Repeat the data exactly. Pictures are not part of the copy.

(EXTRACTED RECORDS Opens)

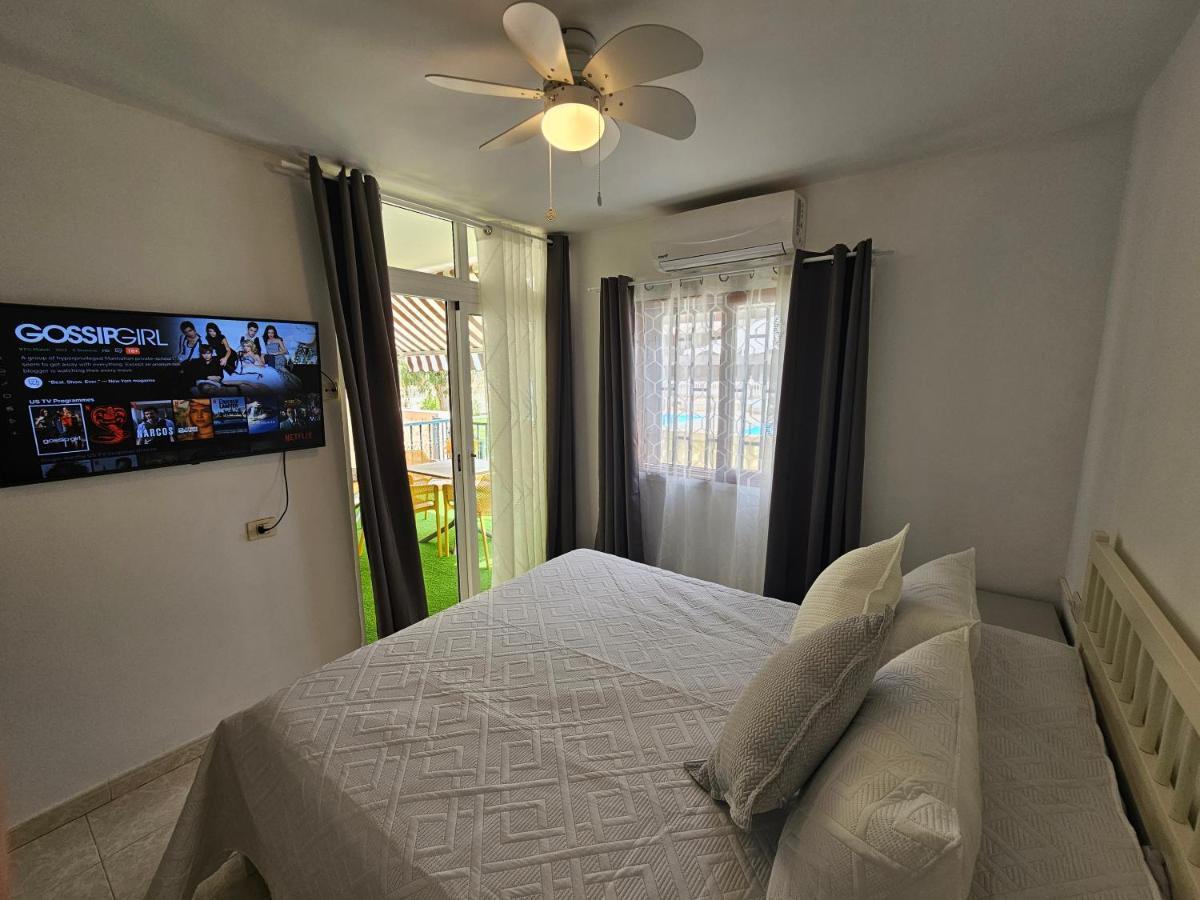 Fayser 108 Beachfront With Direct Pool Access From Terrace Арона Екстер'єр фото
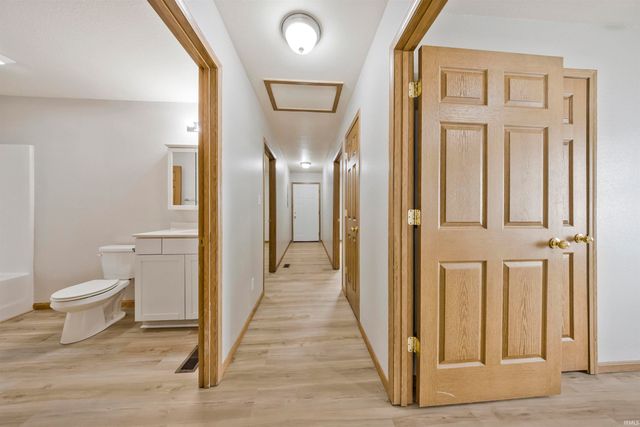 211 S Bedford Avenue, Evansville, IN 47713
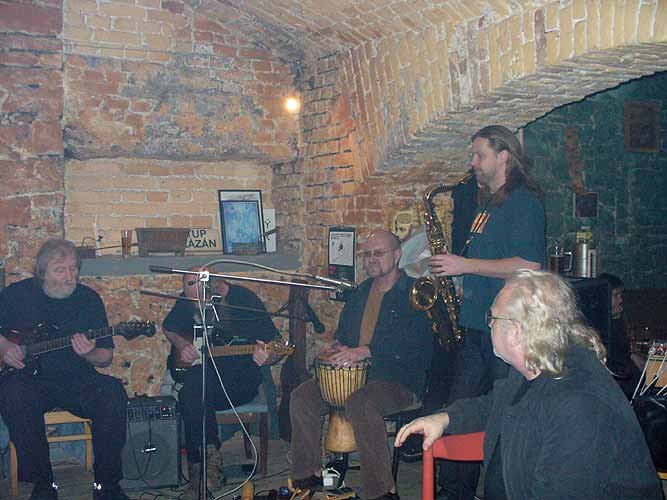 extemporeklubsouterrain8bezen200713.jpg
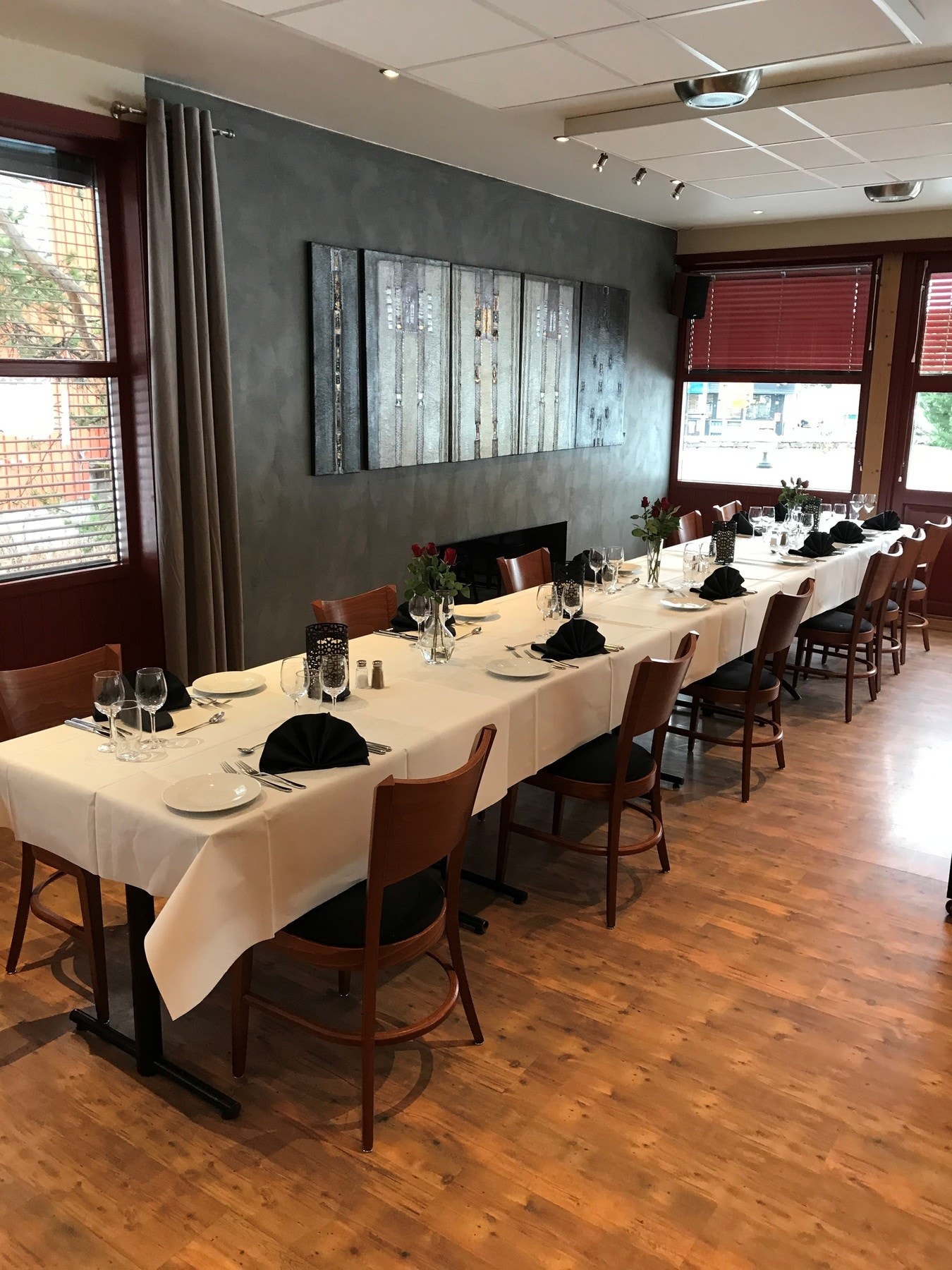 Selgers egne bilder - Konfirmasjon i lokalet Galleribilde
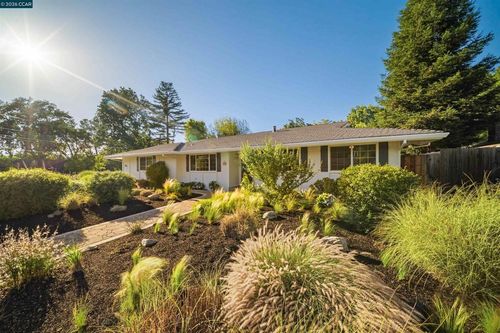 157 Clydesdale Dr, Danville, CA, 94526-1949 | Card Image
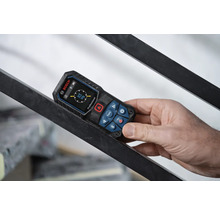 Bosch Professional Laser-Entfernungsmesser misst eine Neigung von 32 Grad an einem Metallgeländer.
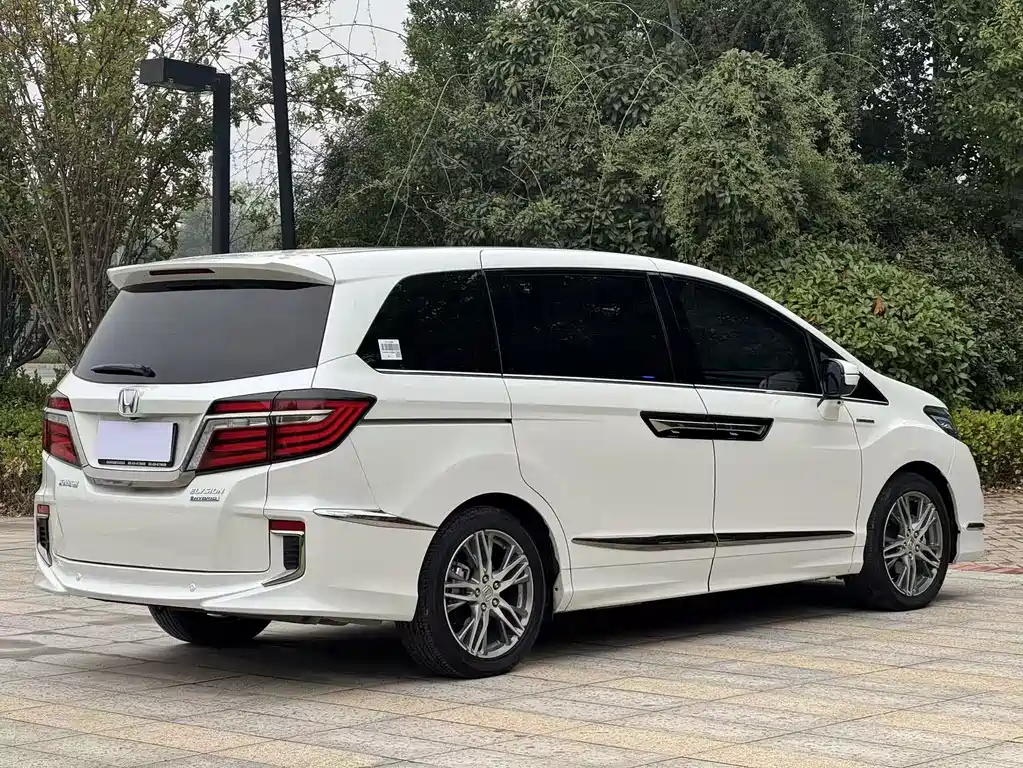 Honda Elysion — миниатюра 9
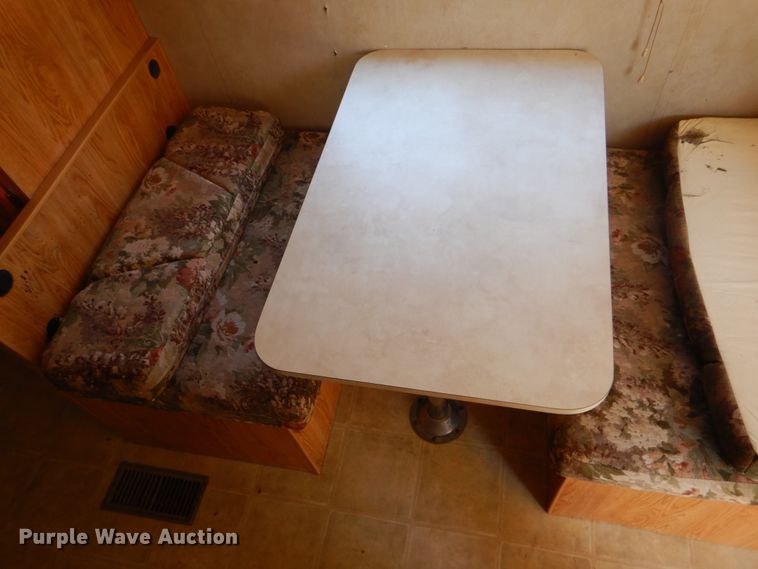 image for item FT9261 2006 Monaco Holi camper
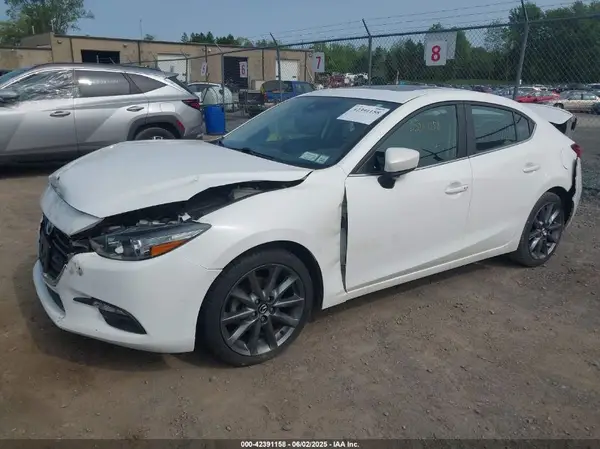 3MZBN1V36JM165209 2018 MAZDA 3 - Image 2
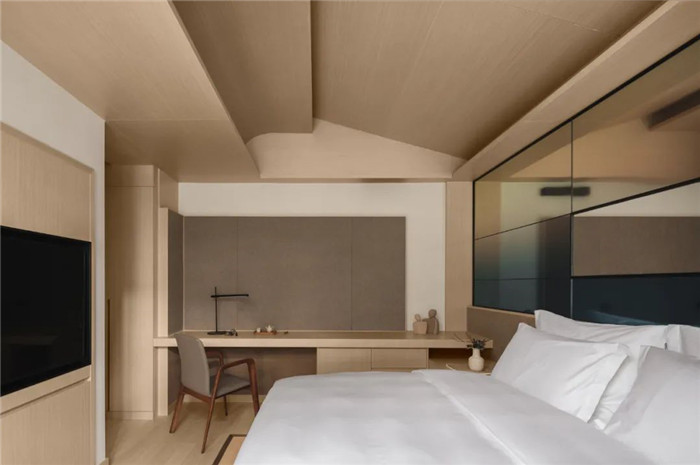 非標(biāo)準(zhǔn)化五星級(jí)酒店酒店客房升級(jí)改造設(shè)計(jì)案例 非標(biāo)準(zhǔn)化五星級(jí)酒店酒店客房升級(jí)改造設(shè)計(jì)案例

(EXTRACTED RECORDS Closes)

**SOLUTION BELOW:**
 Fayser 108 Beachfront With Direct Pool Access From Terrace Арона Екстер'єр фото
 211 S Bedford Avenue, Evansville, IN 47713
 extemporeklubsouterrain8bezen200713.jpg
 Selgers egne bilder - Konfirmasjon i lokalet Galleribilde
 157 Clydesdale Dr, Danville, CA, 94526-1949 | Card Image
 Bosch Professional Laser-Entfernungsmesser misst eine Neigung von 32 Grad an einem Metallgeländer.
 Honda Elysion — миниатюра 9
 image for item FT9261 2006 Monaco Holi camper
 3MZBN1V36JM165209 2018 MAZDA 3 - Image 2
 非標(biāo)準(zhǔn)化五星級(jí)酒店酒店客房升級(jí)改造設(shè)計(jì)案例 非標(biāo)準(zhǔn)化五星級(jí)酒店酒店客房升級(jí)改造設(shè)計(jì)案例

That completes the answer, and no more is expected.